When she found herself pregnant while covering the allied invasion of Afghanistan, Jane knew her life was about to change, but could never have guessed how. Ten weeks later she miscarried.

Seven months down the track and Jane again found herself pregnant. It was just 19 weeks later that Andrew and Jane were organising a funeral for Thomas who was stillborn.

When she was 22 weeks pregnant with Jackson the following year, Jane was diagnosed as having an “incompetent cervix” and began a new roller coaster of emotion.

Despite the further complication of a ruptured membrane at 26 weeks, Jane’s Christmas miracle stayed in the comfort of the womb until December 13 and the first time she was able to hold him was Christmas Eve, 2003.

Because he was 14 weeks premature, weighing a mere 958 grams, Jackson was born with under-developed lungs.

“I’m feeling very sad today that my body let you down and you found yourself out in the world far too soon,” Jane wrote in a dairy she kept for her son.

Jackson fought hard and clung to life, eventually improving enough to be allowed home with his parents in April. But the joy was short-lived and within weeks, the fragile baby was back in hospital.

When he died in August, Jackson had been at home for just six weeks. The rest of his life was a struggle to breathe and grow. His parents, touched by their angel, would never again be the same.

“I could taste the bitterness in my soul,” Jane wrote in Three Seasons and, later on in the book admitted to having “a morbid fear of being bitter and angry”.

But aware that age and time were against them, the couple was determined to have a family and within four months, Jane found she was again pregnant.
“Some days it was very hard,” she wrote in Three Seasons.

“I still mourned Jackson so intensely and the pregnancy hormones made me teary. I had hope though.”

At 17 weeks, Jane was pulled out of the hustle and bustle of life and confined to bed for the safety of the baby. Samuel was born at full term, in July, 2005 a healthy, robust 3.2 kilograms.
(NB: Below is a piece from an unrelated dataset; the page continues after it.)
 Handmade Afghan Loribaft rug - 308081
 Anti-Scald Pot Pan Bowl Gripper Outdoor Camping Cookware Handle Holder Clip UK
While she revels in joy and wonderment at being a mother to Samuel, Jane said she still struggles daily with her grief for Jackson and her guilt.

“When a child dies, at a gut instinct level, you blame yourself and wonder what you could have done differently,” she said.

“Most of us think we have some control over our body, but you don’t. Your body can let you down. I will always feel guilt about my body. So much conspired against Jackson. It’s just so unfair.

“Every aspect of your life falls apart when a child dies and then you have to put it all back together again. When I think of the changes, that’s when I kind of feel weary.


“And I have plenty of regrets but it serves no purpose beating yourself up about it. I have beaten myself up for the last couple of years because guilt is such an integral part of grief. I am so sick of doing that but I still have the ’what ifs’.

“You have to make a decision to stop thinking like that at some point. I have been down that path and it only makes me more sad. At some point you have to accept it or you will go mad.”


Despite dealing with the competing emotions of grief and joy, Jane said she felt compelled to write her book, squeezing in the work between Samuel’s naps.

“In my dark days I read a lot and I got the best advice and insight from people who had written their journeys about their grief,” Jane recalled.

“I think people feel they have to go underground with their grief because other people get weary of it. Closure is for other people. But sometimes you need to know what other people have gone through.

“There are no solutions to these things; it’s just a case of accepting it slowly.


“I am still bitter and angry but I need to work through it and I am giving myself time.


“That said though, I laugh every day when I look at Sam. I can just sit and watch him for hours.”